== YOUR INSTRUCTIONS ==
Leave out the pictures and copy each record below exactly.

[Stored items]
####################

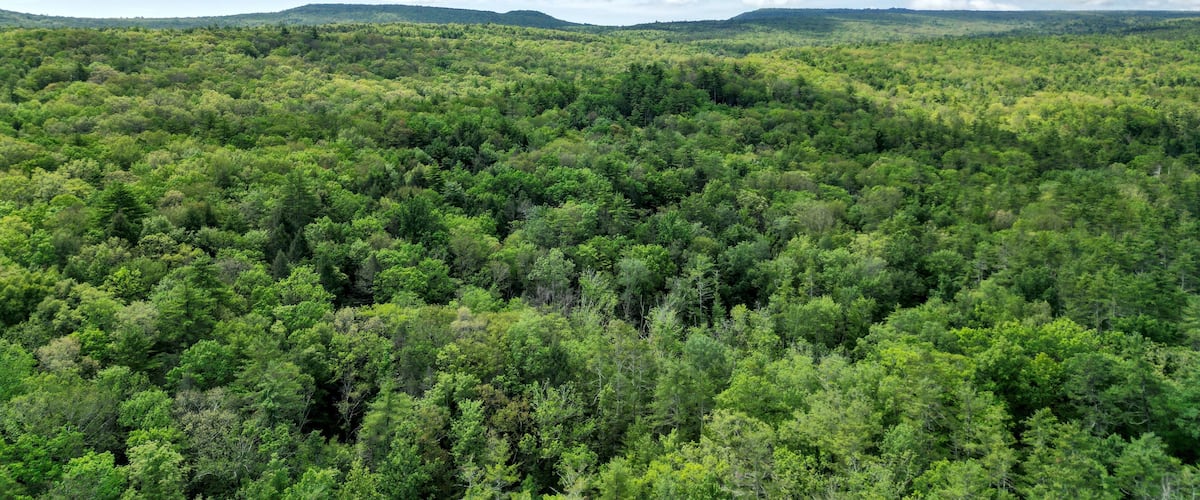 A dense forest with a clear sky and distant mountains.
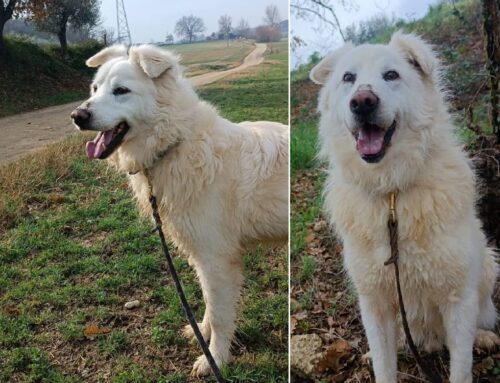 Ghost, tre anni e mezzo e tanta voglia di famiglia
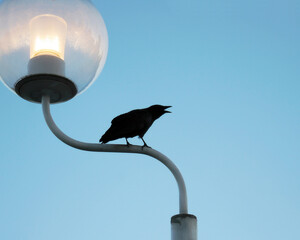 Black crow on lamp post against blue sky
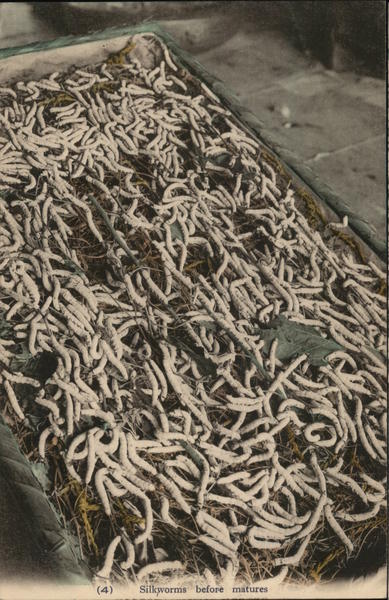 Silkworms before maturation Japan
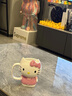 熊哲察hello kitty周邊水杯陶瓷凱蒂杯子創(chuàng  )意馬克杯卡通可愛(ài)少女實(shí)用大 粉色KT貓全身杯 【普通盒裝】 曬單實(shí)拍圖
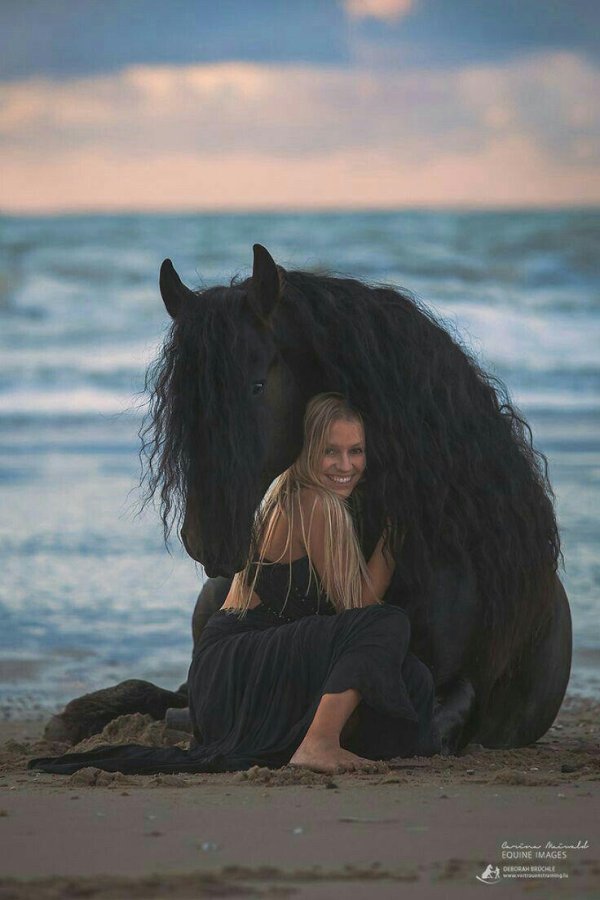 Девушка на коне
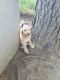 Golden Doodle Puppies for sale in Chouteau, OK 74337, USA. price: NA
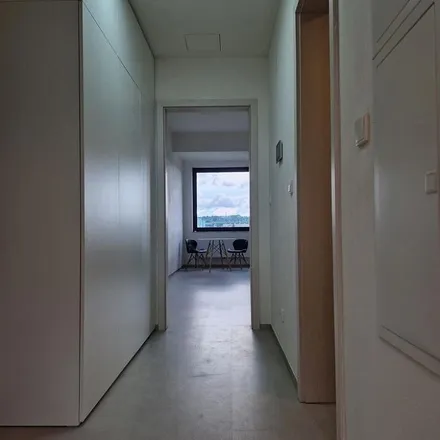 Rent this 1 bed apartment on EuroOil Brno in Opuštěná, Opuštěná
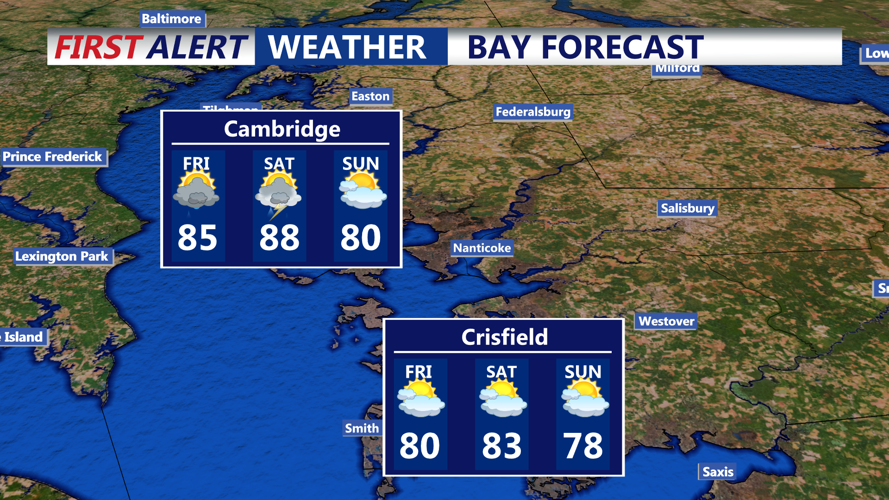 BAY FORECAST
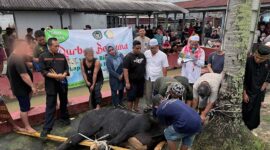 Pelaksanaan Penyembelihan Hewan Kurban 9 Sapi dan 3 Kambing di Lapas Kelas IIA Jambi Daging Dibagikan kepada Masyarakat dan Pihak Terkait. FOTO : HMS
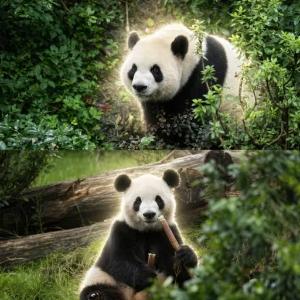 Czym jest PingPingand FuShuang(和平熊猫)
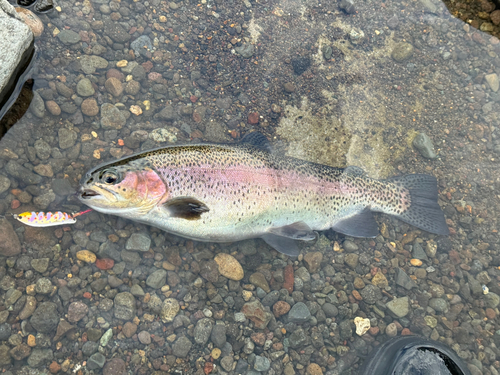 ニジマスの釣果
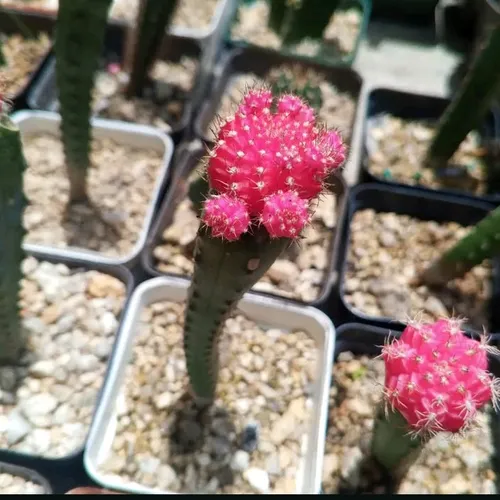 nft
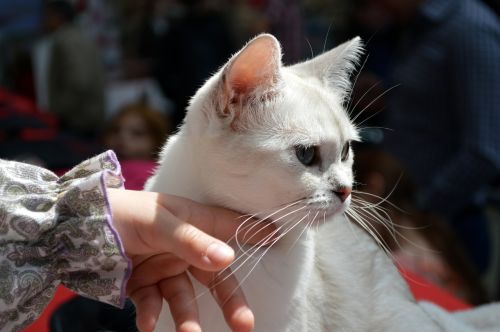 white cat fingers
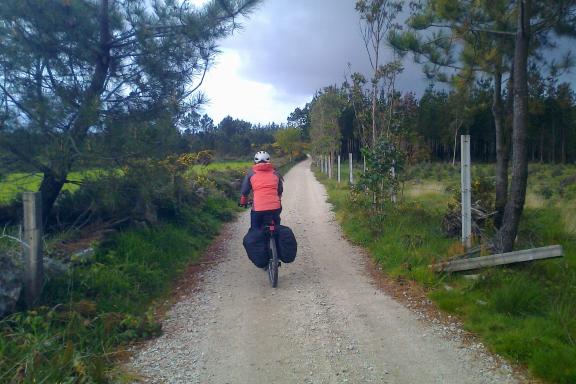 Cyclist in the Camino de Santiago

####################

== ANSWER TO THE EXERCISE ==
 A dense forest with a clear sky and distant mountains.
 Ghost, tre anni e mezzo e tanta voglia di famiglia
 Black crow on lamp post against blue sky
 Silkworms before maturation Japan
 熊哲察hello kitty周邊水杯陶瓷凱蒂杯子創(chuàng  )意馬克杯卡通可愛(ài)少女實(shí)用大 粉色KT貓全身杯 【普通盒裝】 曬單實(shí)拍圖
 Девушка на коне
 Golden Doodle Puppies for sale in Chouteau, OK 74337, USA. price: NA
 Rent this 1 bed apartment on EuroOil Brno in Opuštěná, Opuštěná
 BAY FORECAST
 Pelaksanaan Penyembelihan Hewan Kurban 9 Sapi dan 3 Kambing di Lapas Kelas IIA Jambi Daging Dibagikan kepada Masyarakat dan Pihak Terkait. FOTO : HMS
 Czym jest PingPingand FuShuang(和平熊猫)
 ニジマスの釣果
 nft
 white cat fingers
 Cyclist in the Camino de Santiago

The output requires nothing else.